But honestly, I'd go with React if you can. The reason is, if the app starts taking off, and you end up with a team maintaining your app, you're much less likely to end up with an unmaintainable mess in two years than if you use just jQuery.

All applications, especially websites want frameworks. The framework is essentially a way to organize the massive amount of complexity boiled in. If you just roll with libraries, then you end up cobbling together a framework on top of it. You will then have to maintain this framework. This is fine when it's just you, it will coalesce into a bunch of conventions that's fairly easy for you to reason about.

But once you start involving others, then you're going to see your nice conventions get rekd like a bull in a china shop. Not everybody sees problems the same way you do.

If you pick the framework beforehand, then you don't need to maintain it, you can let the nice people at Facebook / Google do it for you. And whenever you finally get others involved, they're limited in the amount of architectural damage they can do because they have to stick to the conventions of the framework.

4 comments

> if the app starts taking off

1. 'if' it's an actual app and not a web page with a smattering of interactivity

2. 'if' by 'take off' you mean becomes a moderately complex SPA

3. 'if' there's no alternative that is simpler and more maintainable (another excuse to plug intercooler.js here)

There aren't enough people saying "Are you sure you need a front-end framework?".

I've worked on several projects that had <insert framework> for no real reason other than the dev wanted to learn it. There is a threshold where it makes sense to use React or similar - but that threshold is being set way, way too low.

I agree - I think React is simple enough that there's no reason not to besides the overhead of JSX preprocessing (which I suppose isn't required but I would definitely recommend). It really is more of a library than a framework, which is great for starting out because there are fewer concepts to understand. Then when you start adding more people and your application gets more complicated and you need to manage your data flow in a more consistent way, you can add something like Redux after the fact incrementally. As long as you don't let components become too large, refactoring isn't too difficult.
React isn't that simple. You still have all the package manager/transpiler/build baggage. You still sacrifice pages that aren't blank if javascript is disabled of fails and all the potential SEO/accessibility costs of that.

And you suddenly end up with great globs of javascript in a page that might not need it.

None of those things has anything to do with the inherent simplicity of the library itself.
Out of the two simplicities one has an actual impact on usage.
I guess what I really meant to say is that you could levy the exact same concerns on many other libraries / frameworks.

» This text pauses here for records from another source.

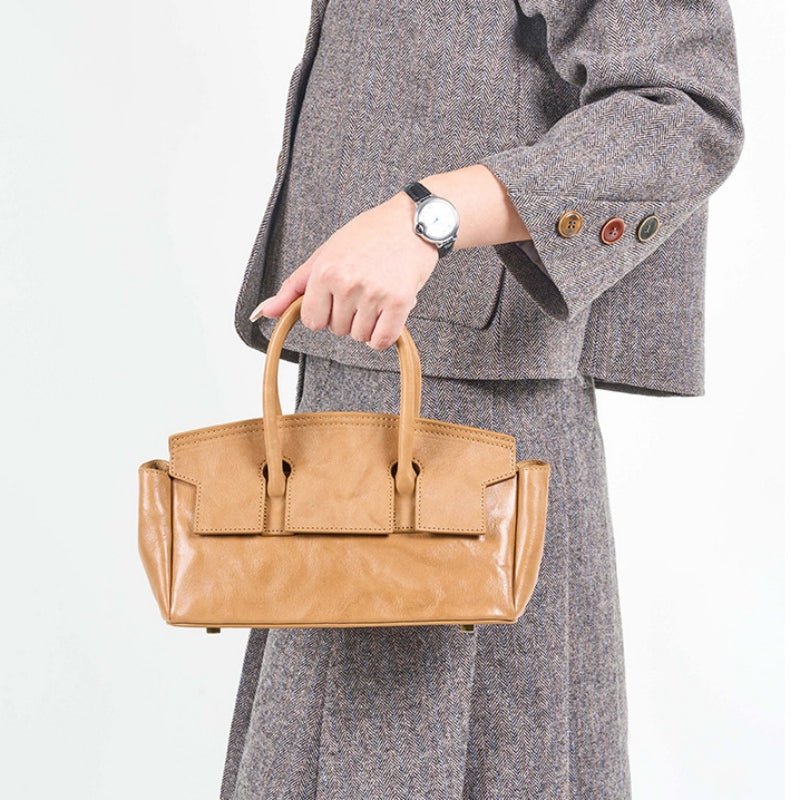 Handmade vegetable - tanned cowhide crossbody bag - zoraflux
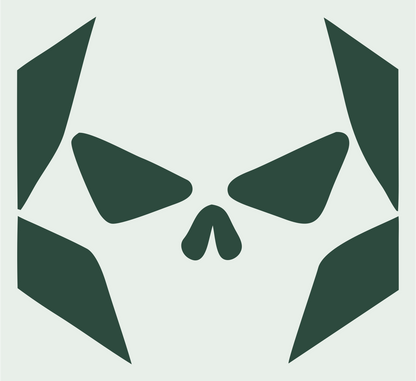 Fragmented Skull Hexagon Mark #e8efe9/#2d4a3e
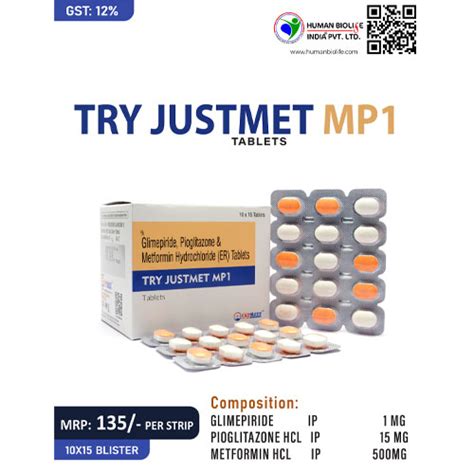 TRY JUSTMET MP 1 Tablets Human Biolife India Pvt. Ltd.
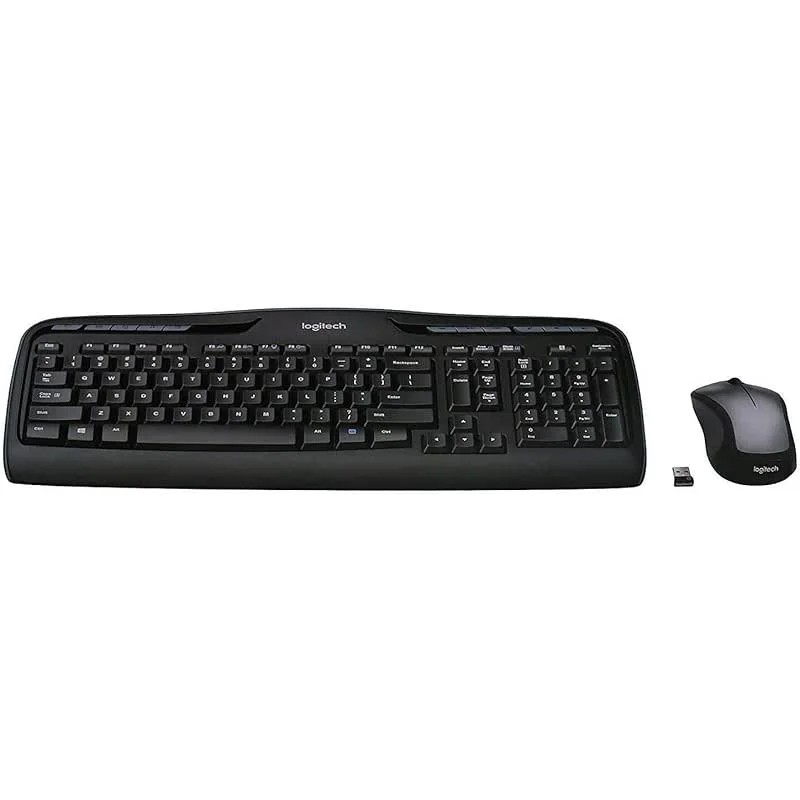 Logitech MK335 Quiet Wireless Keyboard and Mouse Combo - Black/Silver Keyboard and Mouse Combo Wireless, Ambidextrous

None of that is specific to React.

I guess I was also assuming that if the OP was considering using React in the first place, that they were doing more with jQuery than just minor interactivity improvements. But I suppose your concerns are valid if that assumption isn't true. I'm thinking app, not blog.

Maybe he was but I do worry that anyone new to front-end is being pushed towards frameworks rather than being told to start with the simplest approach possible.

I saw a comment from someone a few weeks ago who knew angular but had never used jQuery. I was rather baffled how that had come to pass!

This a great comment. Yes you can still use jQuery and yes it's still very powerful, but it lets you shoot your own foot off too much -- and your whole team's feet are in danger too.

Angular was a huge step up in "you won't shoot your foot off-ness" and React is a step further. You still can, but you realize that you're loading the gun most of the time and can take a step back.

And that is really all this churn is about -- trying to make things easier and more foolproof. We've introduced other problems trying to solve the first couple batches of problems (accidentally using the development version of Reach on production is one I see a lot), but we'll get there.

The PHP ecosystem has had quite a bit of churn in the last 5 years too, but the yelling about it doesn't seem to be as loud since people aren't forced into it since there are alternate languages.

But getting started is simpler with PHP, also. The framework you'll use (Laravel, Symfony) and is associated coding paradigms will probably be a different one than 4 years back (Codeigniter, CakePHP, w/e), but apart from that composer is pretty much the only new tool you'll use apart from that. No webpack/browserify/transpiling/gulp/bower/whatever.
Good point.

Having heard the same from other - "jQuery is OK, use React for new projects" - I'll focus on that then.